*Your objective*
In exact form, please repeat the records from their opening line down to the line with "صورة رئيس الجمهورية", including that line.

*** Opening of Given records ***

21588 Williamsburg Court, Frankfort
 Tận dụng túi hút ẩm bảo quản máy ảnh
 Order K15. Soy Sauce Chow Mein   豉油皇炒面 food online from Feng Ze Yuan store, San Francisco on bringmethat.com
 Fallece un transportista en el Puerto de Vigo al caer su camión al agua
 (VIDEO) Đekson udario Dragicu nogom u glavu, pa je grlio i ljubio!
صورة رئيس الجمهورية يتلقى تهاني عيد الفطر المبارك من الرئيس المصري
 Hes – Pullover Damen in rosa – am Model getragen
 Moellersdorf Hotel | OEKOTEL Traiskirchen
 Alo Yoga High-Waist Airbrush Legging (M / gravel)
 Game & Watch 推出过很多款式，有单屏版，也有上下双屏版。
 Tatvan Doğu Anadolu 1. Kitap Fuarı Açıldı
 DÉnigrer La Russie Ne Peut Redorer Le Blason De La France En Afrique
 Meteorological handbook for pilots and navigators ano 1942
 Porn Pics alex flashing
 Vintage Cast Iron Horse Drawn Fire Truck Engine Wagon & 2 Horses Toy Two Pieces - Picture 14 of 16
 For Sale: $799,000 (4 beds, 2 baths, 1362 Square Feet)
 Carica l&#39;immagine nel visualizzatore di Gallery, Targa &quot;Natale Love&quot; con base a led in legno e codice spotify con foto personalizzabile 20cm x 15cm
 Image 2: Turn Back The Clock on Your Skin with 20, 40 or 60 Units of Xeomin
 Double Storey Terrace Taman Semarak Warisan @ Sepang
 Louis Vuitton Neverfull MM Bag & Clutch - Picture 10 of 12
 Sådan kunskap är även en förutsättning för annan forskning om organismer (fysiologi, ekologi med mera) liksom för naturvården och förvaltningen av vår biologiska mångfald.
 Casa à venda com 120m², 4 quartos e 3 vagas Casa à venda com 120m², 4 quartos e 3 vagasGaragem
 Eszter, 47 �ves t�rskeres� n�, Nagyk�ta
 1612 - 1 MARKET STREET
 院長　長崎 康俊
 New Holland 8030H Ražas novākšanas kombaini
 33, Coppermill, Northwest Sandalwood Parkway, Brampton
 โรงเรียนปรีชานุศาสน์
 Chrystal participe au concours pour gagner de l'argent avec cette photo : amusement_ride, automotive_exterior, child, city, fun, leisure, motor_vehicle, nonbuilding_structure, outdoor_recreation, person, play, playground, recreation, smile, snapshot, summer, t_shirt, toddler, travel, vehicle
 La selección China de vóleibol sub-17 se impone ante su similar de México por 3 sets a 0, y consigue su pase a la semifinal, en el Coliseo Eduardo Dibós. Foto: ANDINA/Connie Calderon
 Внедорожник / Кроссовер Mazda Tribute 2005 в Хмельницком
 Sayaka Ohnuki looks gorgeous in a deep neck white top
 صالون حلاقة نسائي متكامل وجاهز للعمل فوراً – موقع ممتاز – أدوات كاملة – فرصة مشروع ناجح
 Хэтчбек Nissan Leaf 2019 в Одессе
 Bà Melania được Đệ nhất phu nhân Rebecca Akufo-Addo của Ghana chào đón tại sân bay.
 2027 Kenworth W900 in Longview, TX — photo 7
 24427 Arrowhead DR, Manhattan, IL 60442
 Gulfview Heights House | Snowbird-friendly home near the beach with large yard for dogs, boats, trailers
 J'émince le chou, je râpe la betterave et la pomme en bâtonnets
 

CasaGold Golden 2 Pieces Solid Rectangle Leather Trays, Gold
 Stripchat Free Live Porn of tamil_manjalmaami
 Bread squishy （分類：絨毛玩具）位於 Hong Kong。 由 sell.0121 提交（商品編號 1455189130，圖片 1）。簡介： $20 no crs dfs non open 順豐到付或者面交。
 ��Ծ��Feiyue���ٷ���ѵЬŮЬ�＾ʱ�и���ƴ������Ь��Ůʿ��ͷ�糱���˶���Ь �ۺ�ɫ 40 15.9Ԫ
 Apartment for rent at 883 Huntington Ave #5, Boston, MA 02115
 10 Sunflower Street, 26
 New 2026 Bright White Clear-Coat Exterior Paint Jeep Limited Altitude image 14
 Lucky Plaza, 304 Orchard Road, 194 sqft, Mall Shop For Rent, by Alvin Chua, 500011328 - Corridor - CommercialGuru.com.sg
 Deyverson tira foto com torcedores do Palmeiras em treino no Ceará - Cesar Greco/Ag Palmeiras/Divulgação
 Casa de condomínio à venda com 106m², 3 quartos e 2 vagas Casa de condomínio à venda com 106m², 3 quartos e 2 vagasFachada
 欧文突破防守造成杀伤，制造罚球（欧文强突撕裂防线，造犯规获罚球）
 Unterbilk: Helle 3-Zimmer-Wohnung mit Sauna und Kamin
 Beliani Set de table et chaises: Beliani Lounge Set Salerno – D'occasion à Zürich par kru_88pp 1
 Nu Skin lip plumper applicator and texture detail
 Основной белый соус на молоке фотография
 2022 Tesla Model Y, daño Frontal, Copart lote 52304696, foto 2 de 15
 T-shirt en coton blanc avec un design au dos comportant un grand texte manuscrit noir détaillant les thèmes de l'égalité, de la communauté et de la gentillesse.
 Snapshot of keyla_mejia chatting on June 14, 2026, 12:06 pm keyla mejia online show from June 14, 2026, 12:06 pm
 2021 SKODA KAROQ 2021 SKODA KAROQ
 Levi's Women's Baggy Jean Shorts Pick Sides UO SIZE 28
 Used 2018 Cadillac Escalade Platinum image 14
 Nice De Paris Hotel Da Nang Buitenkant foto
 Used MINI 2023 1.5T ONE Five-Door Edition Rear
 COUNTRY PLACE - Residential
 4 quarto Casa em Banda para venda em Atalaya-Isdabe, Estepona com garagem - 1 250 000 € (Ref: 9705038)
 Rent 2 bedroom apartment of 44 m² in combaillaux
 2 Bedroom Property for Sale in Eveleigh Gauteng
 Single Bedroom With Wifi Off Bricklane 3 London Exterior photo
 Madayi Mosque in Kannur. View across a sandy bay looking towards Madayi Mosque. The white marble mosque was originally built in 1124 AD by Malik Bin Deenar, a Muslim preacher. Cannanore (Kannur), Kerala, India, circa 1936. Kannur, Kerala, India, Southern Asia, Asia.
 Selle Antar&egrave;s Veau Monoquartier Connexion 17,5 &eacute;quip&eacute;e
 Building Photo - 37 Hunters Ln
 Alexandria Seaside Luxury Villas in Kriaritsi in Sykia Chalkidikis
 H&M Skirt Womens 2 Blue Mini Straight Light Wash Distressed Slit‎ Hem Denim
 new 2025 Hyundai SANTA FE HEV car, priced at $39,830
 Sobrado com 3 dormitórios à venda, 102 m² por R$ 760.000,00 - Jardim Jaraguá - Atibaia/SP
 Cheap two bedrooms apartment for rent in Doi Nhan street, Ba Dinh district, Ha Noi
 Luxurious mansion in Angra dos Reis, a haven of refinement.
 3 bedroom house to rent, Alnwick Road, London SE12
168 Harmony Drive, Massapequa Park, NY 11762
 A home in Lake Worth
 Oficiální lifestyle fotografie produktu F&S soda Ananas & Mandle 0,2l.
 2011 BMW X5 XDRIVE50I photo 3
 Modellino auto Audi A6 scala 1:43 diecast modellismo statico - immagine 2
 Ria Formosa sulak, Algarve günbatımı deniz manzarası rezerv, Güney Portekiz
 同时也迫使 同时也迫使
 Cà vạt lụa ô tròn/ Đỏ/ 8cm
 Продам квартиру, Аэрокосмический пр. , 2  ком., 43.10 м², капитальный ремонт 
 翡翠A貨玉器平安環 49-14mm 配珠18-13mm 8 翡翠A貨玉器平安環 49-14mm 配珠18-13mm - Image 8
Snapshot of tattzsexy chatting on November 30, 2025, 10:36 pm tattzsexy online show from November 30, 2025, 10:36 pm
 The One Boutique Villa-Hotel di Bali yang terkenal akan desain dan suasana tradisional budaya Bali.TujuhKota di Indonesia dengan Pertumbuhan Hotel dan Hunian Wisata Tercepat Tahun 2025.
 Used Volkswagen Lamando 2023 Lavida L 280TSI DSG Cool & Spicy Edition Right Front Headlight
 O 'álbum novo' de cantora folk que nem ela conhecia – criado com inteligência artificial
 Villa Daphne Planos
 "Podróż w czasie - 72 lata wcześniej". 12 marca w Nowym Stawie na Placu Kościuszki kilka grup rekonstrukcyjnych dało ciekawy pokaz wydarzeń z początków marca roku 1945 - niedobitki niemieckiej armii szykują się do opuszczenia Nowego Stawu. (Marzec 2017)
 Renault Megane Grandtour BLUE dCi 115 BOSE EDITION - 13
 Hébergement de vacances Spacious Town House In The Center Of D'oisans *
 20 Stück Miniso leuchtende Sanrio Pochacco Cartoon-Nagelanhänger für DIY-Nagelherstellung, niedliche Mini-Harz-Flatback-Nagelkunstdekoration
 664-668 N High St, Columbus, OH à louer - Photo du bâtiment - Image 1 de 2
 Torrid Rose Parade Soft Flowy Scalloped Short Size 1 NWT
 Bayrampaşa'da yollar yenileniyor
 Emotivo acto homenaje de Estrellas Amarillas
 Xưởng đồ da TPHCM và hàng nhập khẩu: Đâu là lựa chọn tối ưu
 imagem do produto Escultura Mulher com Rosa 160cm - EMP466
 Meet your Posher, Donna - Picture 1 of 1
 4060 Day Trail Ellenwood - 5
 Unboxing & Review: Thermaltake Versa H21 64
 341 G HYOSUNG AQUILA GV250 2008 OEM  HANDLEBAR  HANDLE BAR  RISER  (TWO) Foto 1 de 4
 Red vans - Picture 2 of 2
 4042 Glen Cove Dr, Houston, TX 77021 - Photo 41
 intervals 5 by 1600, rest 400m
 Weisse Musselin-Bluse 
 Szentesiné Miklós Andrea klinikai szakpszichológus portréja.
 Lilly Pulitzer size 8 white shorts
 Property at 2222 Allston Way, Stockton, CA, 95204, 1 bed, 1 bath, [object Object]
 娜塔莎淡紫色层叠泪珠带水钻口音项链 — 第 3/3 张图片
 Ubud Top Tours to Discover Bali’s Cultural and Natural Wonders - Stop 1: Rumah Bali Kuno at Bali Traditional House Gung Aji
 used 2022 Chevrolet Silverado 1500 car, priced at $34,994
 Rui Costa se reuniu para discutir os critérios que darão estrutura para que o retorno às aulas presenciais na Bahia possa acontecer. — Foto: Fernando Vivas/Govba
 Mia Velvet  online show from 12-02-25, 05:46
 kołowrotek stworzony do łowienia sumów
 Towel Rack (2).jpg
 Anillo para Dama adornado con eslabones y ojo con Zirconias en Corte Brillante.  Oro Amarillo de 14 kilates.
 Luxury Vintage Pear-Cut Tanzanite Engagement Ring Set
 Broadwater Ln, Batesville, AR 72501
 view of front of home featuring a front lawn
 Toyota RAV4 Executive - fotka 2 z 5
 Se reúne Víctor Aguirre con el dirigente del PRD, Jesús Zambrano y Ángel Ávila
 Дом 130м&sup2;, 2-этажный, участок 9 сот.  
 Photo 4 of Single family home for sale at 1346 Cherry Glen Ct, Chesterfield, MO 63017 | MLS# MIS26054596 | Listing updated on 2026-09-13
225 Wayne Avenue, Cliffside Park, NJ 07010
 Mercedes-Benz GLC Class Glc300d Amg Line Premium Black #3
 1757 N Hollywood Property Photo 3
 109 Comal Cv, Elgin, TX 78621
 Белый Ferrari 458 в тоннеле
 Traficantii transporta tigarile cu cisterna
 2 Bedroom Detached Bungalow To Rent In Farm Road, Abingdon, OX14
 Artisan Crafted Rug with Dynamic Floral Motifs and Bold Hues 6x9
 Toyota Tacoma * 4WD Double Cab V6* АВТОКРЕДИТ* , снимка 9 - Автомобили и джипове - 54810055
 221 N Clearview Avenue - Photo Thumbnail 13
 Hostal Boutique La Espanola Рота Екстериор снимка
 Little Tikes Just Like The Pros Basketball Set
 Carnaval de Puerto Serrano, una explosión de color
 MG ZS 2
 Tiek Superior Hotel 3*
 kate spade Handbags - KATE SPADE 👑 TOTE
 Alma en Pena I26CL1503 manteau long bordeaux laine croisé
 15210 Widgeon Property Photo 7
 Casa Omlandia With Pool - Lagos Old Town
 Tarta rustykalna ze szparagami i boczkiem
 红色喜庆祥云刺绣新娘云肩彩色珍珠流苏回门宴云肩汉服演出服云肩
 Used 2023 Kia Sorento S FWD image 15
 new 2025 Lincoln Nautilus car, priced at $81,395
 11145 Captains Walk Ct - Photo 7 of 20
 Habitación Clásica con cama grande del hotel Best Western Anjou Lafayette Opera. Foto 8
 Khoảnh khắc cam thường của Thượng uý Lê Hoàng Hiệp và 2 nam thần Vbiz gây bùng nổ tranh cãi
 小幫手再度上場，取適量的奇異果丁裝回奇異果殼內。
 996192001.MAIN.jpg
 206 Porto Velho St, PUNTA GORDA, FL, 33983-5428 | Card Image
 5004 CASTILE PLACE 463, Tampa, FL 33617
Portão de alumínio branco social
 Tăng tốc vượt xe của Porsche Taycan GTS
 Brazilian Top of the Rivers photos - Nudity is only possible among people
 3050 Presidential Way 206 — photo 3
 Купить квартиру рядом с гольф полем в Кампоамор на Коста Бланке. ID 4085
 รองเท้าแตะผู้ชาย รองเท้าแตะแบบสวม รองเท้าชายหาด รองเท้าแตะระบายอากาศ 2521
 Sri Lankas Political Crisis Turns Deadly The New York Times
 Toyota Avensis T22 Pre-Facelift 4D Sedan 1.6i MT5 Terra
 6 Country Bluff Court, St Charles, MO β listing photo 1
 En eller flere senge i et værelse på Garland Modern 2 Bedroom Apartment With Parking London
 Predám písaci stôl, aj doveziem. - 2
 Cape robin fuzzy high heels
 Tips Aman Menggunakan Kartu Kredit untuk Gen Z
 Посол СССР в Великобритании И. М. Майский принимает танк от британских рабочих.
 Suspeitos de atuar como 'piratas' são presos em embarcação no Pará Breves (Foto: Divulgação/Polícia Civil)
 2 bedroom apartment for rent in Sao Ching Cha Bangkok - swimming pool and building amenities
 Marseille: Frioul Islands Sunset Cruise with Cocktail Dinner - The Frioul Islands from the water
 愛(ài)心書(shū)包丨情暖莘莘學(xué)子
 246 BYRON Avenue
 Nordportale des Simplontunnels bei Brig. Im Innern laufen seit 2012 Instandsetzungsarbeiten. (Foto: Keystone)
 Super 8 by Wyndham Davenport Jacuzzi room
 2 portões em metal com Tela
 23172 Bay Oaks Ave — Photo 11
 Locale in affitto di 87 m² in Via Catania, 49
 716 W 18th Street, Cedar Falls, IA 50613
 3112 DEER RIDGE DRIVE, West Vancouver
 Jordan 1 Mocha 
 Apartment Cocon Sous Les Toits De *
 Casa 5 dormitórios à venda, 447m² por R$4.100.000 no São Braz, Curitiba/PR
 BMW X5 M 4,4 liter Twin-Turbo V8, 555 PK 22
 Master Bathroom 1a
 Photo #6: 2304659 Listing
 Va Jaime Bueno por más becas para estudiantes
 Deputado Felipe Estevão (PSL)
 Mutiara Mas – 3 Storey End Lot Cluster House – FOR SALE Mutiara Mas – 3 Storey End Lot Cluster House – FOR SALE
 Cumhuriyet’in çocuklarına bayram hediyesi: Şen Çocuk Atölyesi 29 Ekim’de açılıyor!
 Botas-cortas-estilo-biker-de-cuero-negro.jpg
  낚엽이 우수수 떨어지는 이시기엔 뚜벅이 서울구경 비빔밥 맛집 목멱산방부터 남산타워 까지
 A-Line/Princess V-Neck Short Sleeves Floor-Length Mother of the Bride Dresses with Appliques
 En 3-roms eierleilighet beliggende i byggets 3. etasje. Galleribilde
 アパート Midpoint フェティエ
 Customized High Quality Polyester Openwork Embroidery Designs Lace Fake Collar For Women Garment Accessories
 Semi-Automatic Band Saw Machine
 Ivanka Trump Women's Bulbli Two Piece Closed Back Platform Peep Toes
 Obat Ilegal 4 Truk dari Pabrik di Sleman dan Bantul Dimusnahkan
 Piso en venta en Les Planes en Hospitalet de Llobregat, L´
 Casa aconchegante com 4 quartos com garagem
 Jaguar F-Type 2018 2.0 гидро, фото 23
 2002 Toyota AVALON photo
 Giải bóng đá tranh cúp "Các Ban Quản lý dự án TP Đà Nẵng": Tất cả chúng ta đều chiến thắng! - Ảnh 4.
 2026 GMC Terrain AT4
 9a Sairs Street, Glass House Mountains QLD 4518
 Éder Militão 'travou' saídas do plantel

*** Close of Given records ***

*The answer*
21588 Williamsburg Court, Frankfort
 Tận dụng túi hút ẩm bảo quản máy ảnh
 Order K15. Soy Sauce Chow Mein   豉油皇炒面 food online from Feng Ze Yuan store, San Francisco on bringmethat.com
 Fallece un transportista en el Puerto de Vigo al caer su camión al agua
 (VIDEO) Đekson udario Dragicu nogom u glavu, pa je grlio i ljubio!
صورة رئيس الجمهورية يتلقى تهاني عيد الفطر المبارك من الرئيس المصري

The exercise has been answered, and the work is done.